Finance Minister Jim Flaherty said Ireland had a solid bank plan and was Europe's leader in fiscal reform, warning not to take rating agency views such as S&P's downgrade of Ireland this week too seriously.
Dublin will welcome G7 chair Canada's defence of its "bad bank" plan and efforts to stem the rise in its budget deficit after S&P on Tuesday cut Ireland's credit rating to "AA-", pushing up its borrowing costs.
"Ireland certainly has led the European Union in taking the necessary courageous decisions toward fiscal consolidation," Mr.

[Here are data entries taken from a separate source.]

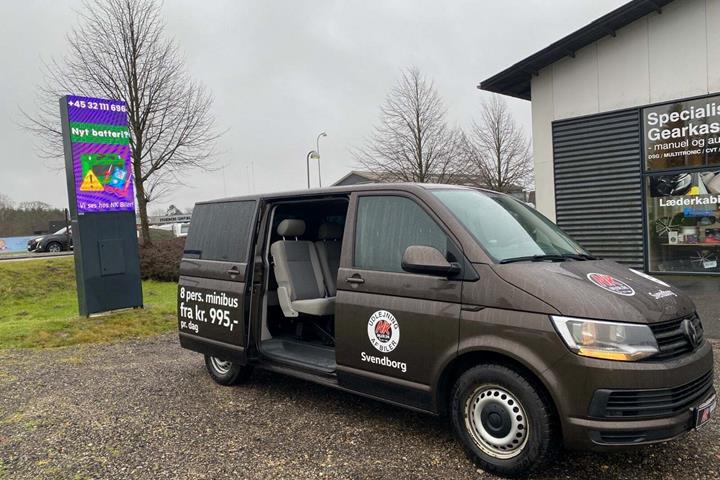 undefined VW Caravelle fra 2015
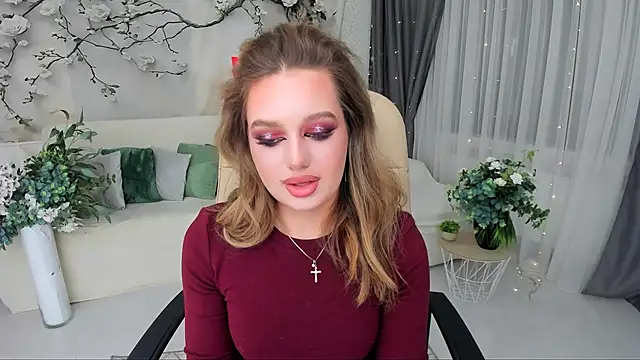 Snapshot of MiracleCurly chatting on 12.04.25 MiracleCurly online show from 12.04.25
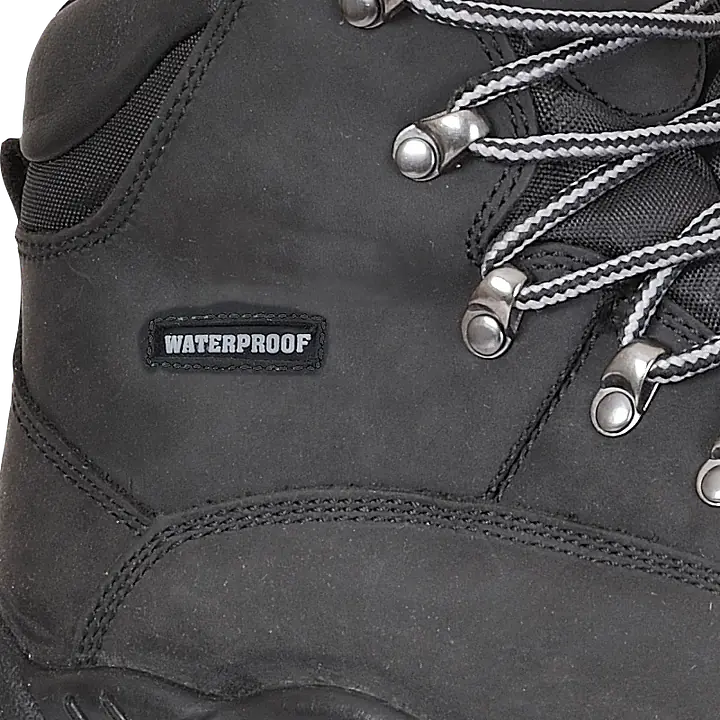 Portwest_fw57_safeguru_02.webp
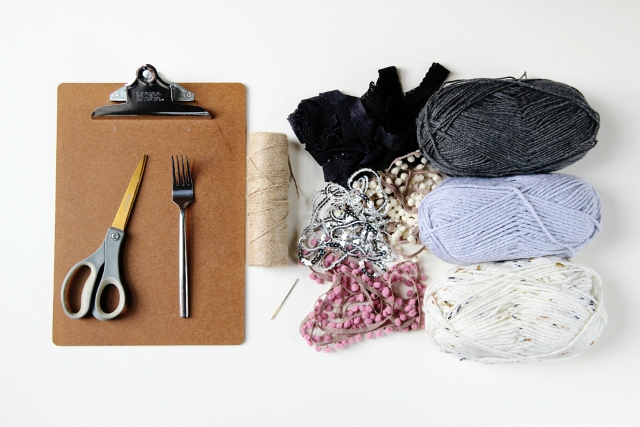 Materials needed to make a Diy Mini Weaving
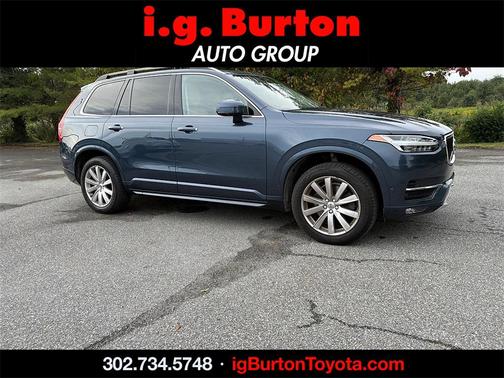 2018 Volvo XC90 T6 Momentum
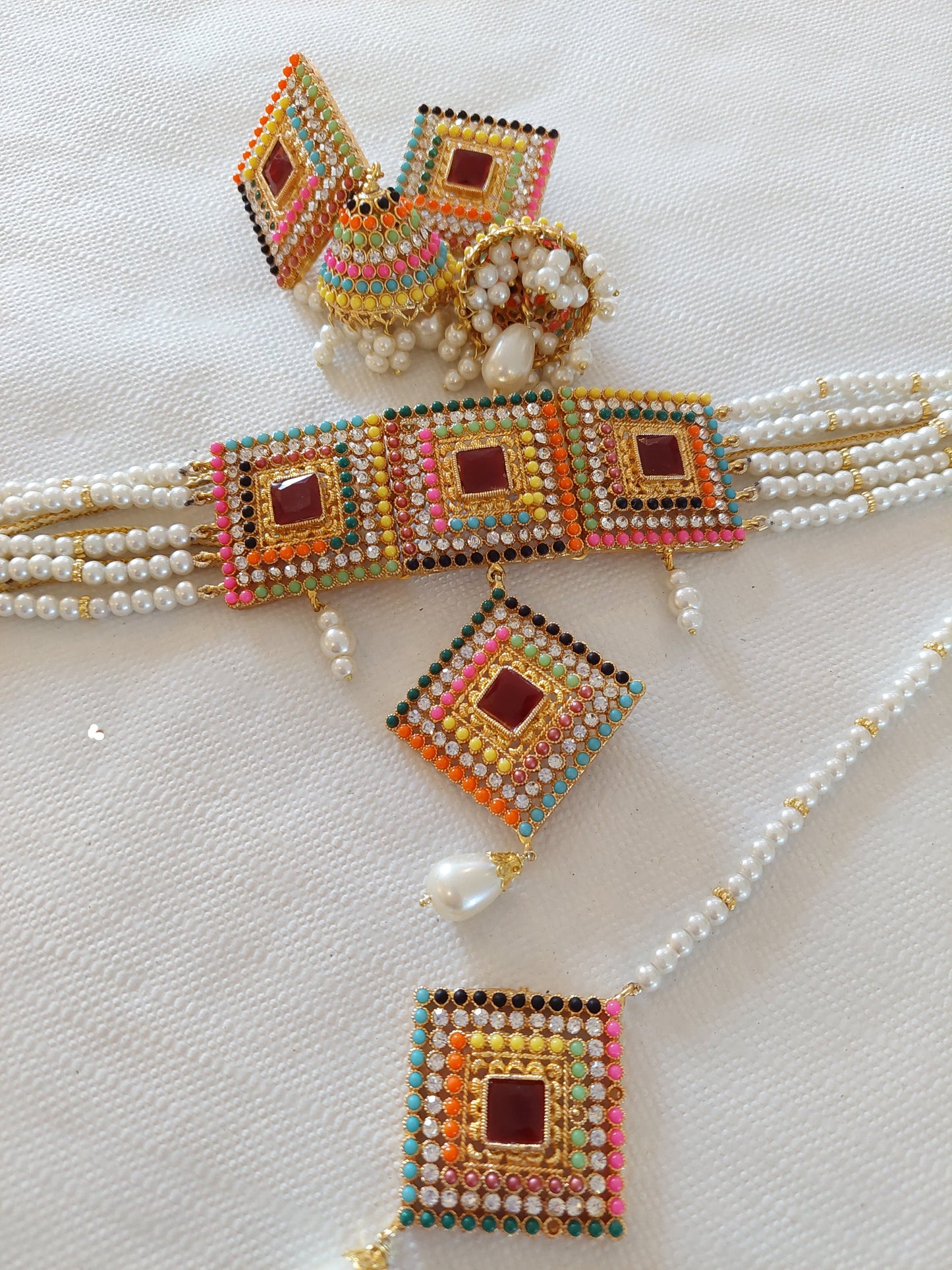 ET NYDELIG MULTIFARGET SMYKKESETT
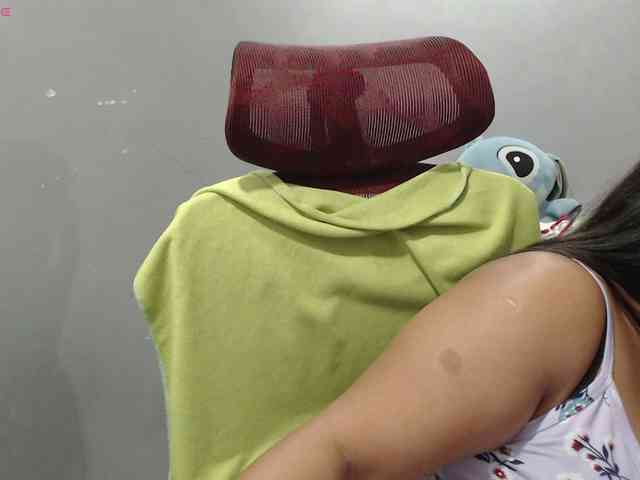 BubbleButtPinay webcam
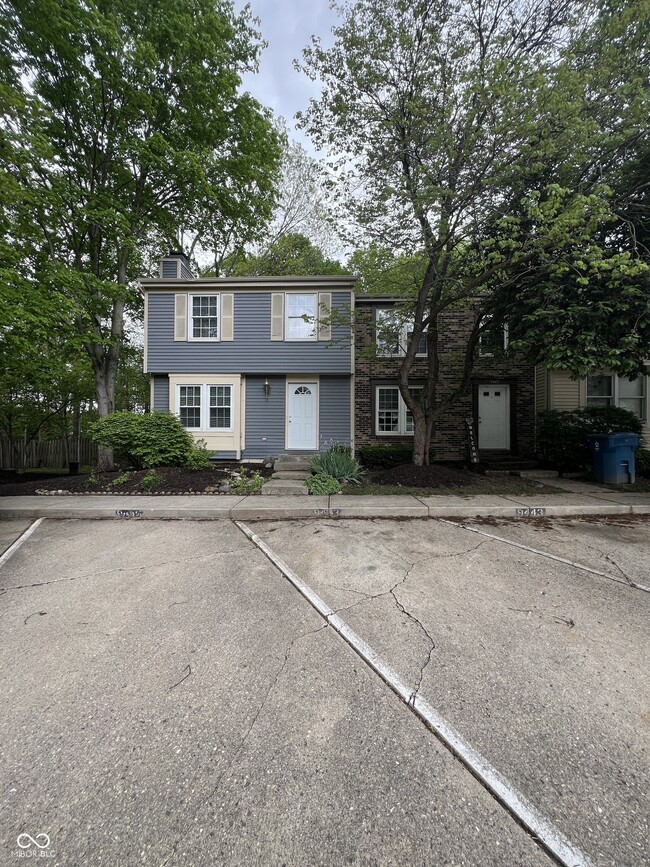 property at 9445 Timber View Dr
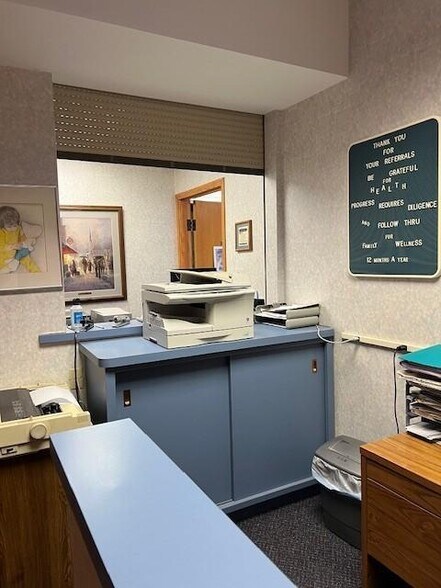 More Photos Of 1521 Northway Dr, Saint Cloud Medical For Sale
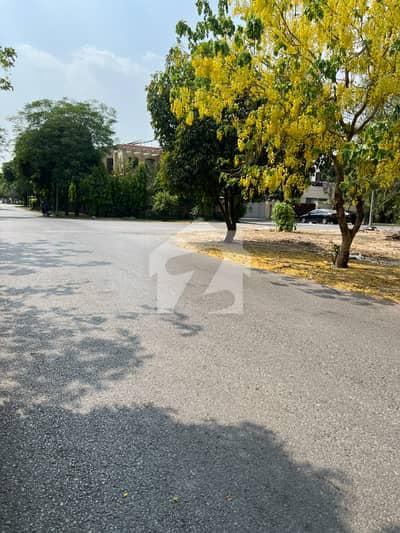 Premium 4 Kanal In W Block Corner 70' road, Phase 7 DHA Beside Defence Raya Golf Club Premium 4 Kanal In W Block Corner 70' road, Phase 7 DHA Beside Defence Raya Golf Club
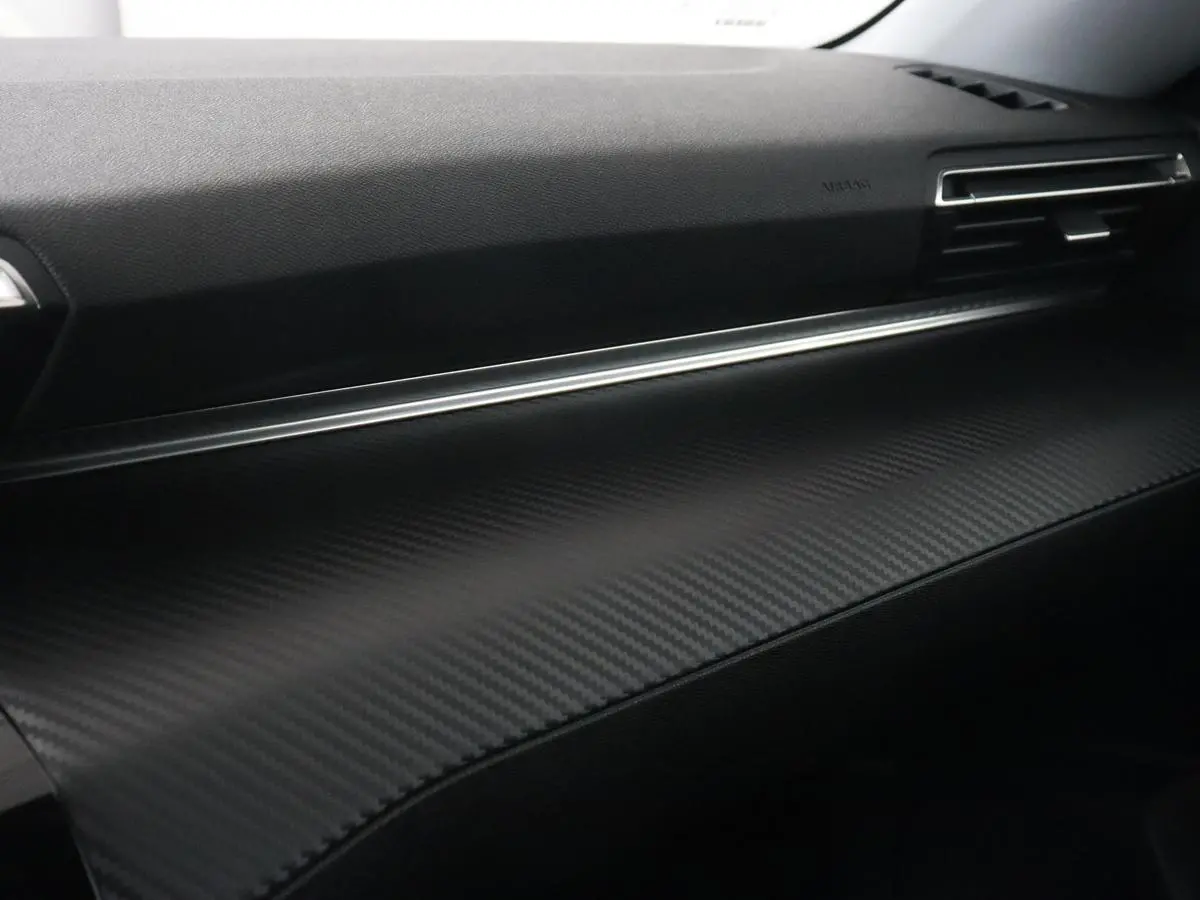 1.6 HYbrid 225 Allure | Stoelverwarming | Trekhaak | Adaptive cruise | Camera | Carplay | Half leder | Keyless | Full LED | Climate control | Sfeerverlichting | PHEV | Plug In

Flaherty told Irish public radio RTE in an interview during a visit to Dublin.
Ottawa is in a better position to talk about public finances than its peers, a strength S&P acknowledged when it affirmed Canada's top "AAA" rating in April.
A junior minister in Ireland's finance ministry on Thursday reiterated Dublin's criticism of S&P's method in accounting for its bank rescue costs.
"We have taken such issue with the judgement of Standard & Poor's ... quite publicly, which is unusual for a government, to show that the fundamentals of our economy are still strong," Minister of State Dara Calleary told RTE.
He said Dublin could reach an agreement with the European Commission in weeks on the fate of nationalized Anglo Irish Bank, which would help ease the uncertainty that has pushed up Ireland's borrowing costs this month.
Markets will not get a full picture of Ireland's bank recapitalization costs before the end of 2010 however, when banks will have transferred the bulk of their shaky property development loans to the state's "bad bank" vehicle.
Canada, which also chaired the G20 group's summit in June, last month proposed new regulations for credit rating agencies to boost investor confidence and prevent conflicts of interest.
"You know, the rating agencies, quite frankly, were part of the problem that caused the crisis," Mr. Flaherty said. "I'm not a big fan of Moody's and Standard & Poor's and so on when they start to pontificate on certain issues," Mr. Flaherty said.